Паша радостно принял вызов.

После нескольких, в том числе и победных, партий в шахматы, Паша не спеша прогулялся по залу, сделал пару быстрых кувырков и, подойдя к стене, встал вверх ногами, уперев голову в жёсткий деревянный пол. Вытянув руки вдоль тела и хитро улыбаясь, он несколько минут наблюдал за перевёрнутым миром.

Напоследок, он степенно напился чаю в тренерской и, накинув прямо на голое тело старую шинель, вышел на улицу.

Втянув могучей грудью свежий морозный воздух, он не спеша двинулся к дому. Под ногами приятно похрустывал снег. Было совсем тихо и безветренно. Стояла зима. Хо́лода Паша не чувствовал и шинель не застёгивал. Порой, он бродил по заснеженным улицам города даже без обуви, но сегодня, в связи с походом в спортзал, натянул стоптанные армейские ботинки.

Мимо прошла небольшая компания молодёжи. С интересом оглядев странно, не по сезону одетого прохожего, ребята весело зашептались:

– Леопольд, Леопольд… это Леопольд…

Паша был кем-то вроде городского сумасшедшего. Этакий безобидный во всех смыслах дурачок: и он никого не обижал, и его никто не решался обидеть. Жители часто видели его гуляющим по улицам города. Многие даже знали его имя. Но большинство же звали его Леопольдом. Почему Леопольдом? Возможно, потому, что он хотел, чтобы все жили дружно. Во всяком случае, сам Леопольд создавал впечатление человека не желающего проявлять к окружающим ничего, кроме дружелюбия. Не смотря на его порою странные выходки, Леопольда никто не боялся. Людям он нравился, он действовал на них как магнит, хоть и имел довольно отталкивающую, по сравнению с обычными горожанами, внешность. Внутреннее обаяние этого человека делало тех, кто встречался с ним не восприимчивыми к тому, что они видели снаружи. Это обаяние нельзя было спрятать ни под драной шинелью, ни в спутанных, давно не стриженных и не мытых волосах. Особенно Леопольда любили дети. Им нравилось наблюдать за ним, нравилось видеть, как поблизости бродит такой большой, неуклюжий, но совершенно безобидный здоровяк, который развлекает их, показывая различные атлетические трюки. Все знали, что Леопольд не всегда был таким странным и раньше мало чем отличался от большинства обычных людей. Но что именно его таким сделало, и как он впал в своё состояние простоты и наивности, точно не знал никто. Одни поговаривали о контузии, другие о драке. Третьи упоминали неудачно выполненный трюк. Четвёртые уверяли, что он просто устал от мирской суеты и теперь притворяется, чтобы держаться подальше и не иметь с ней ничего общего. Но о том, что же случилось на самом деле, знал только сам Леопольд.

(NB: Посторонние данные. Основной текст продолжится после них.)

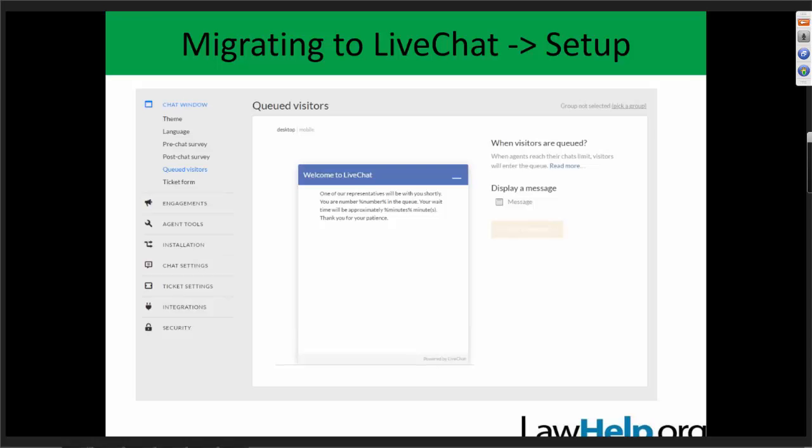After finishing your surveys, check the Queued Visitors area. The title doesn't make it entirely clear, but it's basically where you can set a hold message. If all agents are at their maximum concurrent chat capacity and a new chat comes in, this is the message visitors will see letting them know no one is available and they need to wait. You click the message button on the right to change this text to whatever you want.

Держа руки глубоко в карманах шинели, Паша вышел из парка и направился к остановке. Ехать, естественно, он никуда не собирался, просто хотелось подышать свежим воздухом, понаблюдать за людьми. Облокотившись плечом на ствол молодого дерева, он молча стоял и, насупившись, поглядывал на ожидающих. Поймав на себе несколько любопытных взглядов, он отстранился от дерева, поднял руки и, немного выгнувшись назад, ухватился за ствол. Затем, выгибая спину ещё сильней и перебирая руками, он стал медленно опускаться вниз, пока не добрался до того места, где корень уходит в землю. Послышались восхищённые вздохи и возгласы.

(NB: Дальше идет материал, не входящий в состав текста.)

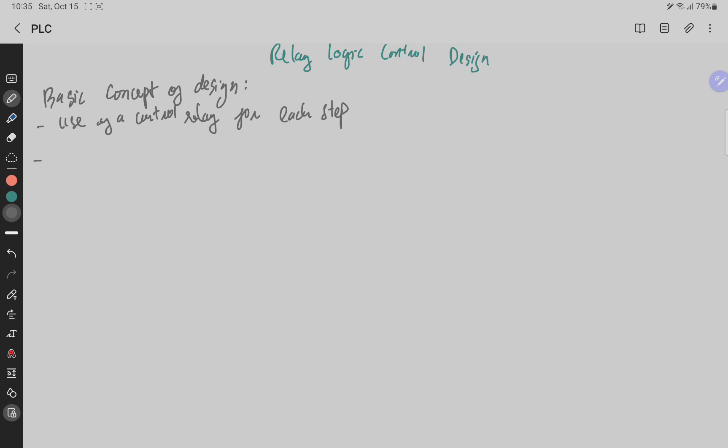Secondly, when a process is in a given step, the Control Relay associated with that step is energized.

– Мама, смотри! – пропищала какая-то девочка.

Простояв несколько секунд в положении «мостик», Паша так же, цепляясь руками за ствол, выпрямился. Повалил крупный снег. Паша скинул шинель на поясницу и запрокинул голову, подставляя лицо, грудь и плечи, падающим с неба хлопьям. Снежинки мягко касались горячего лба и сразу же исчезали, оставляя после себя прохладную влагу. Резко опустив подбородок и повернувшись корпусом влево, Паша ударил открытой ладонью ствол дерева, под которым стоял. Дерево качнулось, и с его веток осыпался снег. Фыркая и тряся облепленной снежными перьями гривой, Паша пробормотал:

– Уф, хорошо.

Освежив себя, он снова набросил шинель на мокрые плечи и как-то лукаво осмотрел окружающих: вот, мол, как умею, а вы, несчастные всё прячетесь в своих куртках и шубах. Народ снова стал перешёптываться. Подъехал автобус. Паша проводил пассажиров взглядом и отправился своей дорогой.

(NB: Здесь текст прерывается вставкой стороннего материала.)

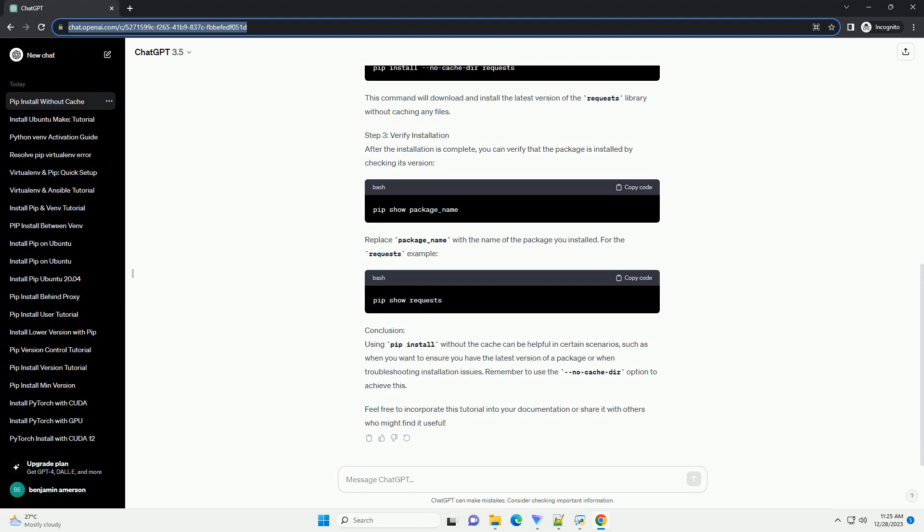Replace package underscore name with the name of the package you installed. For the requests example Conclusion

Уже недалеко от дома, он зашёл в магазин. Завидев постоянного клиента, знакомая продавщица сразу ощерилась и спросила:

– Паша, тебе как обычно?

– Угу, – скромно ответил Паша.

Продавщица выложила на прилавок вафли. Рассчитавшись и поблагодарив продавщицу, Паша сунул вафли в карман и снова шагнул в искусственный мёртвый свет уличных фонарей и неоновых вывесок.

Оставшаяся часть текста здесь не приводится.